Sebuah pertandingan yang digelar di negeri terjajah, pada masa itu, tentu saja adalah pertandingan ala kadarnya. Untuk membayangkan sebarapa ala kadar, kita hanya perlu membayangkan bagaimana pertandingan turnamen antarkampung (tarkam) di Indonesia digelar. Pemain boleh bersepatu, boleh juga tidak. Pemain boleh pakai kostum, bertelanjang dada juga tidak dilarang. Dan, para pemain Mohun Bagan saat itu memang hanya nyeker.

Kehadiran Mohun Bagan pada pertandingan final saja, dengan menimbang bahwa klub yang dihadapi adalah klubnya orang Inggris, sudah menggugah semangat kemerdekaan orang-orang India. Kalau dalam Lagaan, bat (tongkat pemukul) yang digunakan orang-orang Inggris adalah produksi massal hasil revolusi industri, orang-orang India terima-terima saja membuat sendiri bat dari kayu dari pohon yang tumbuh di sekitar desa. Mohun Bagan, sedemikian pula. Mereka berhadapan dengan pemain bola betulan, orang-orang yang memakai sepatu dan kaos kaki.

Namun, dari wajah pertandingan ala tarkam semacam itulah sebuah bangsa terjajah mampu mengerahkan semangat berkumpulnya untuk mendukung klub yang mewakili identitas mereka. Demikianlah tensi pertandingan antara Mohun Bagan melawan East Yorkshire Regiment. Kalau Anda lihat pertandingan kriket di Lagaan, seperti itulah mungkin suasana penonton dalam pertandingan yang akhirnya dimenangi Mohun Bagan, 2-1. Di India, inilah kali pertama tim kaum terjajah mampu memenangi kompetisi. Ini monumental.
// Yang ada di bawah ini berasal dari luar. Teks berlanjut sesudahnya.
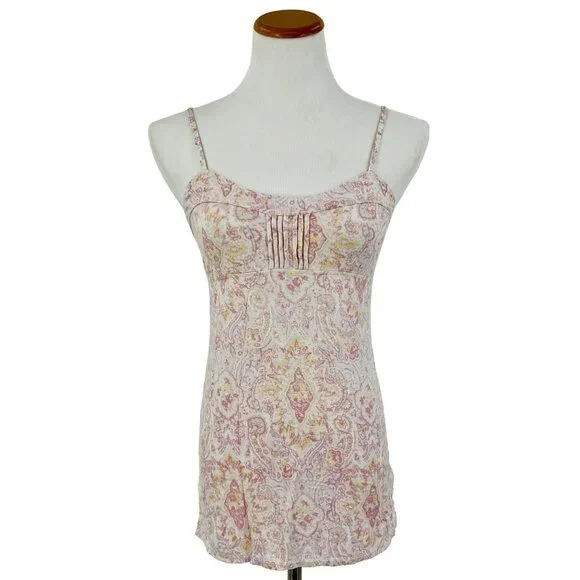 Vintage Intimately Free People Pink & Yellow Paisley Empire Waist Cami Top Y2K - Picture 1 of 12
Asal tahu, pertandingan yang digelar pada 29 Juli 1911 itu dihadiri oleh orang-orang dari berbagai pelosok negeri di India. Sontak, kemenangan itu tidak hanya menjadi kemenangan dalam sepak bola, tapi bagi Inggris adalah sebuah penghinaan yang serendah-rendahnya di depan orang banyak. Mereka dikalahkan oleh orang-orang yang dijajahnya, yang makan nasi, dan mengidap malaria.

BACA JUGA:  Jejak Pemain Turki di FC Barcelona

Bukan kebetulan rasanya jika pertandingan itu berjalan secara dramatis. Sempat tertinggal 0-1, Mohun Bagan membalik papan skor—yang jelas tidak ada papan skor di lapangan itu, yang juga bukan stadion tapi hanya tanah lapang terbuka—menjadi 2-1 pada lima menit terakhir! Di titik ini, saya benar-benar tak habis pikir. Ya, memang bukan sepak bola kalau tidak menghadirkan kisah dramatis, dan mungkin dari India-lah kita bisa menemukan sejarah yang dramatis beneran sebagaimana film-film yang diproduksinya.
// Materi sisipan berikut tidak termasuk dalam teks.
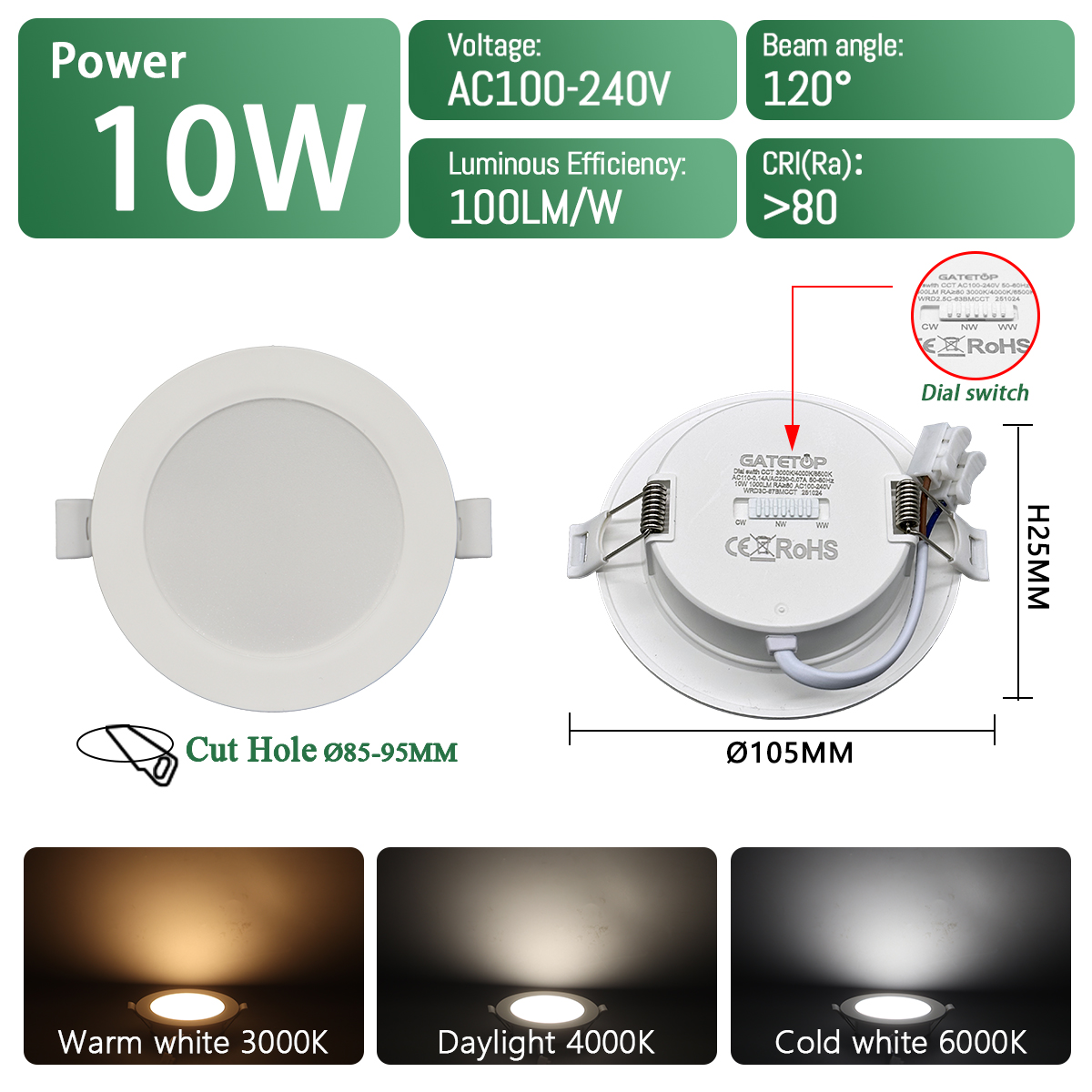 2 uds foco LED empotrable Dial Swich CCT luz de techo ajustada de 3 colores AC 120V 220V 3000K 4000K 6500K iluminación interior: Morado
Steve Crashaw dan John Jackson menulis kisah Mohun Bagan tersebut dalam buku berjudul Small Acts of Resistance: How Courage, Tenacity, and a Bit of Ingenuity Can Change the World. Kedua penulis, yang kini juga mengelola situs www.smallactsofresistance.com, mengambil kisah Mohun Bagan untuk mengilustrasikan bagaimana perlawanan mengambil peluang dari olahraga. Ada banyak tindakan kecil perlawanan yang, tercatat dalam sejarah, ternyata telah berhasil membuat dunia yang kita tinggali sekarang, dalam beberapa fase yang meski teramat ringkas tempatan waktunya, pernah menerbitkan sepotong harapan.

Persis, pada 1911 itulah, yakni 12 Desember 1911, Inggris memindahkan ibukota penjajahan dari Kalkutta ke Delhi, kota yang saat ini kita kenal sebagai ibukota India merdeka. India memang baru berdiri sebagai negara berdaulat pada 15 Agustus 1947, tapi sudah puluhan tahun sebelumnya Inggris mulai menghindari acara-acara besar yang menyedot massa, seperti pertandingan monumental nan dramatis itu, lantaran takut kehilangan harga diri kolonialnya. (*)

Terjemahan buku Steve Crashaw dan John Jackson akan diterbitkan oleh INSISTPress pada Agustus 2015. Untuk artikel ini, saya baru tahu belakangan bahwa kisah Mohun Bagan versus East Yorkshire Regiment telah digarap oleh sutradara Aron Roy dalam film debutnya, Egaro: The Eleven. Film tersebut dirilis pada 2011, tepat pada perayaan 100 tahun kemenangan Mohun Bagan.